**TASK DIRECTIONS:**
Beginning at the line that includes "Lago Continental Wallet" in the entries below, print each line exactly as it appears, through the last one.
DATA PROVIDED Start Marker
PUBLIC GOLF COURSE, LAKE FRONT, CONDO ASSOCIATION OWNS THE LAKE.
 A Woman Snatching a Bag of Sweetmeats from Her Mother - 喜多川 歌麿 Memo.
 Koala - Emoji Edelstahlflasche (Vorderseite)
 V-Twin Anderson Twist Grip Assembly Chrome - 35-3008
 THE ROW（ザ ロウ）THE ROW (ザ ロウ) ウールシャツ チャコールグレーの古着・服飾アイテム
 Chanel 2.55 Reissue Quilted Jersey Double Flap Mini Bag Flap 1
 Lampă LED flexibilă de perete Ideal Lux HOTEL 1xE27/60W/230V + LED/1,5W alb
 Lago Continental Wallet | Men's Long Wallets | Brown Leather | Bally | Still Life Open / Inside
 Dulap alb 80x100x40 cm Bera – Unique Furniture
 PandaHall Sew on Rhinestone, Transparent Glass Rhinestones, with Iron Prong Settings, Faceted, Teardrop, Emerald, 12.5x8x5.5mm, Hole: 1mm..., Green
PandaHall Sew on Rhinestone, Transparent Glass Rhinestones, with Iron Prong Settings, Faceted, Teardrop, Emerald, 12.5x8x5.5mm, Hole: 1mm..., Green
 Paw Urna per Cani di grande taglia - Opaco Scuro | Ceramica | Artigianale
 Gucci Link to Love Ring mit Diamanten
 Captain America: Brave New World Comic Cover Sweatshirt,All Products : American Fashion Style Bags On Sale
DATA PROVIDED End Marker
**RESPONSE TO THE TASK:**
 Lago Continental Wallet | Men's Long Wallets | Brown Leather | Bally | Still Life Open / Inside
 Dulap alb 80x100x40 cm Bera – Unique Furniture
 PandaHall Sew on Rhinestone, Transparent Glass Rhinestones, with Iron Prong Settings, Faceted, Teardrop, Emerald, 12.5x8x5.5mm, Hole: 1mm..., Green
PandaHall Sew on Rhinestone, Transparent Glass Rhinestones, with Iron Prong Settings, Faceted, Teardrop, Emerald, 12.5x8x5.5mm, Hole: 1mm..., Green
 Paw Urna per Cani di grande taglia - Opaco Scuro | Ceramica | Artigianale
 Gucci Link to Love Ring mit Diamanten
 Captain America: Brave New World Comic Cover Sweatshirt,All Products : American Fashion Style Bags On Sale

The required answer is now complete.